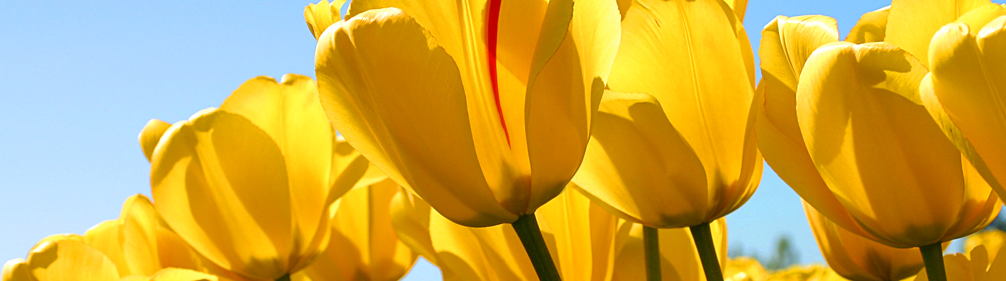 Bild mit Tulpen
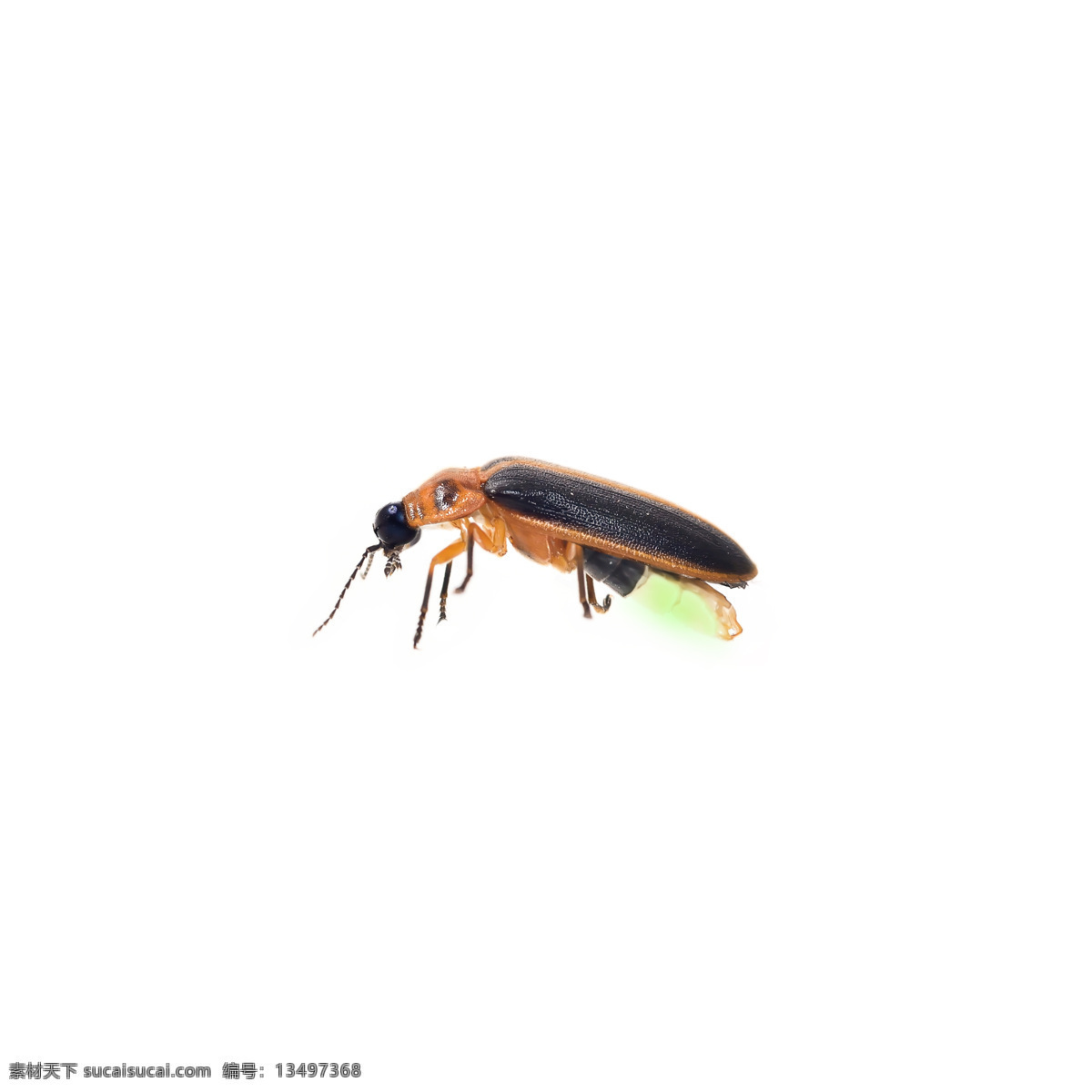萤火虫 昆虫 动物 背景 海报 素材图片 杂图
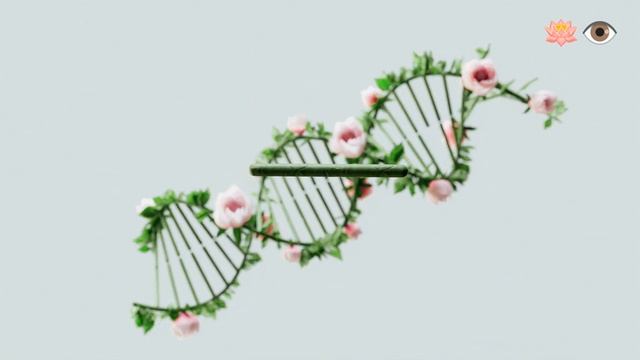 релакс для успокоения и медитации...под красивые виды визуализации ?️??.... смотреть онлайн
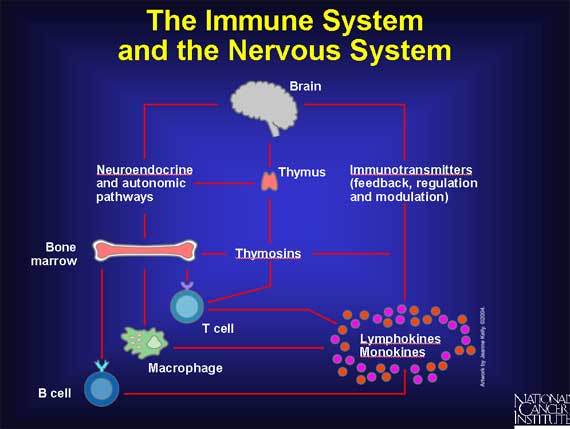 The Immune System and the Nervous System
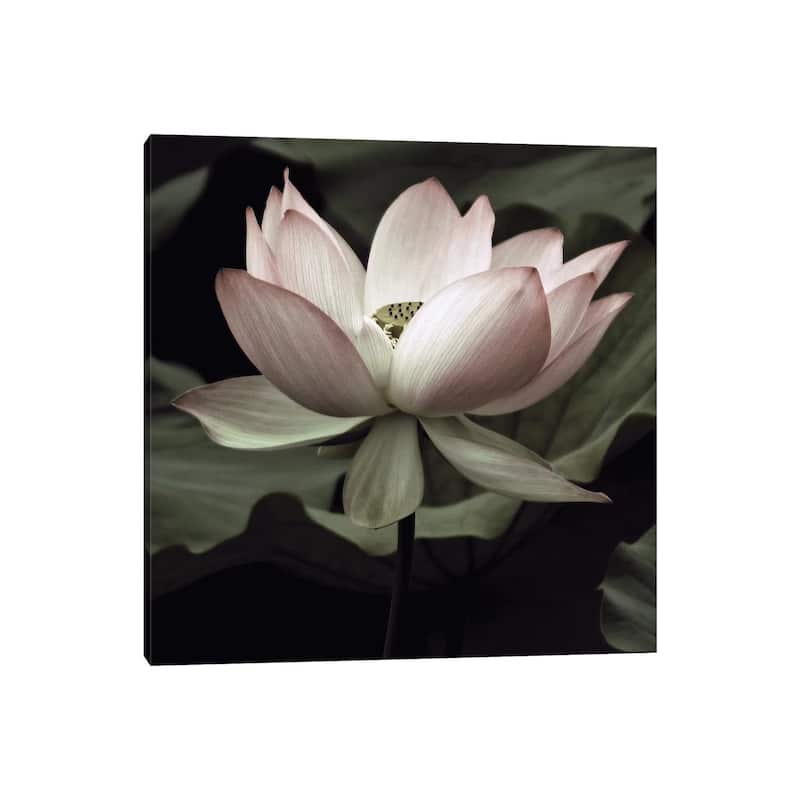 iCanvas "The Lotus I" by Andy Neuwirth Canvas Print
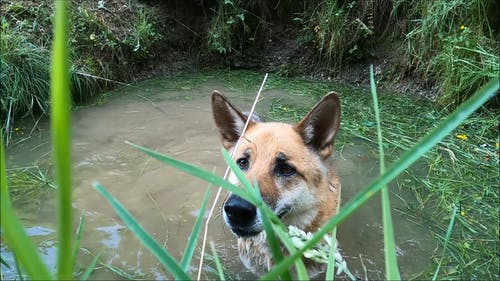 有关outoor, 享受, 动物的免费素材视频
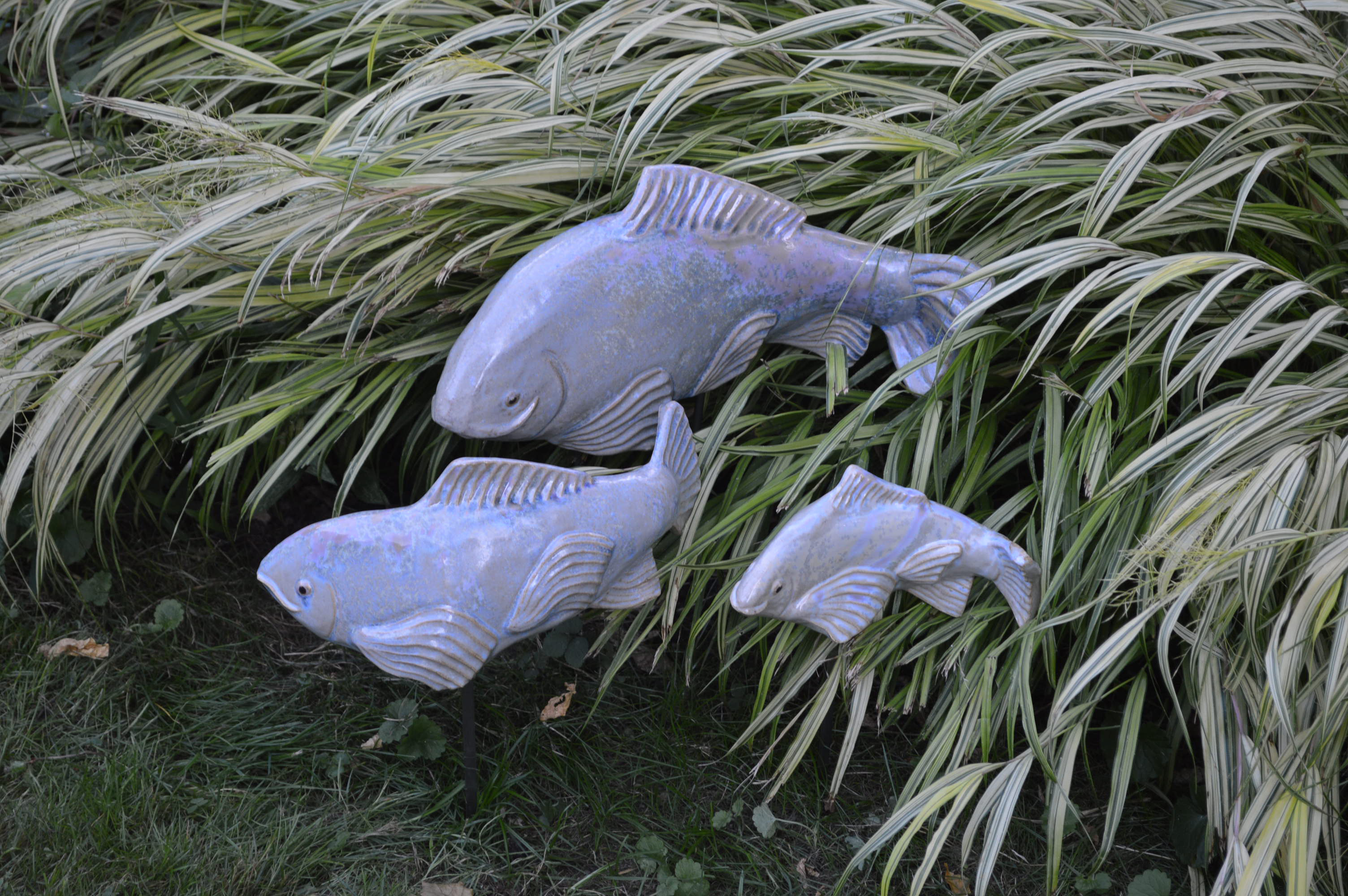 Fish in the Garden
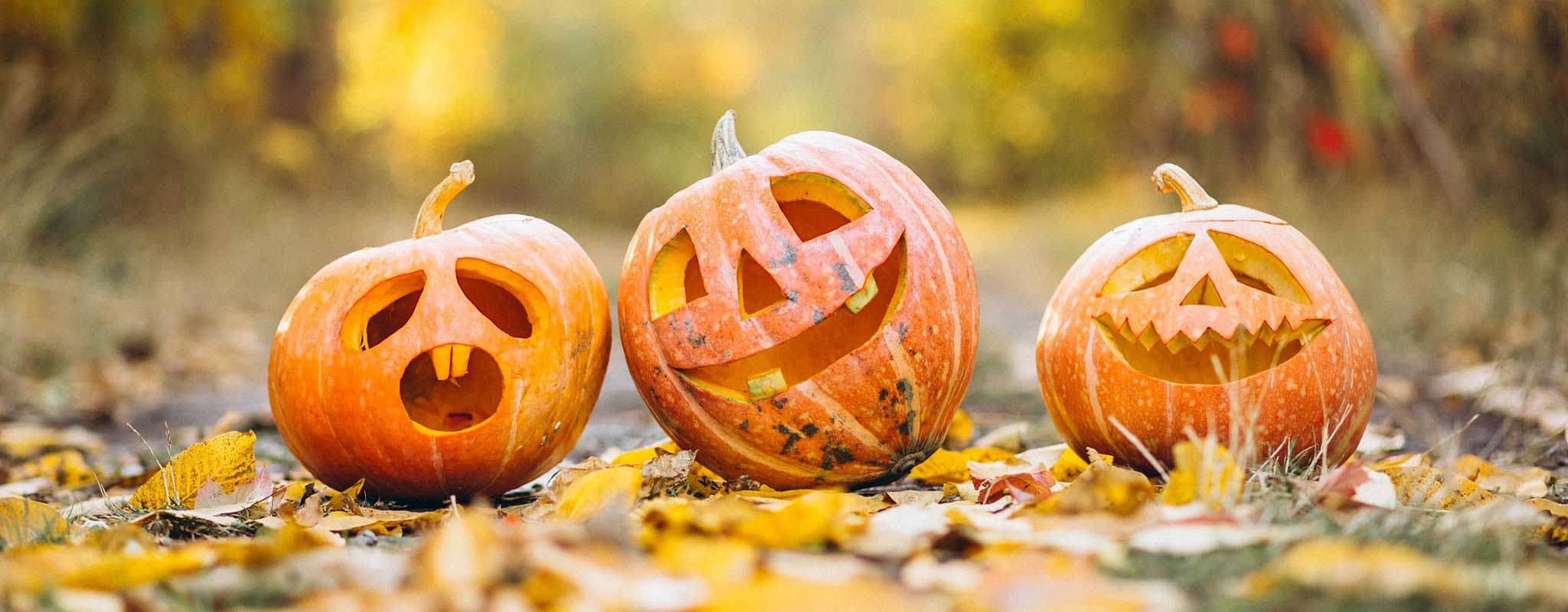 Temadagar i oktober Temadagar i oktober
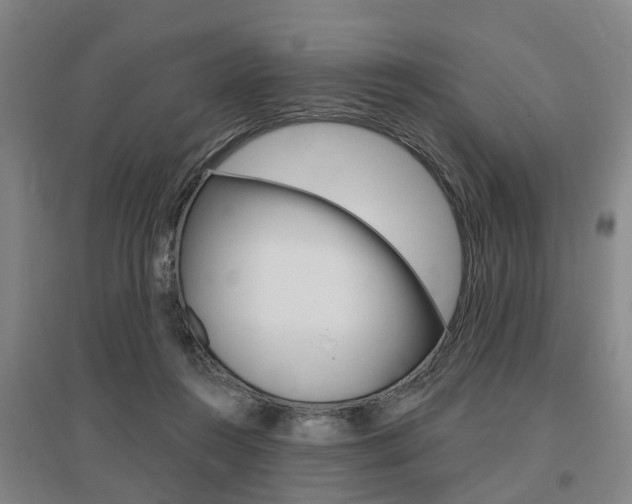 X0000095880360200801110810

:::::

Problem requirements:
What you print must be exactly the lines from the one containing "有关outoor, 享受, 动物的免费素材视频" through the last line of the material, and no pictures.

Answer area:
 有关outoor, 享受, 动物的免费素材视频
 Fish in the Garden
 Temadagar i oktober Temadagar i oktober
 X0000095880360200801110810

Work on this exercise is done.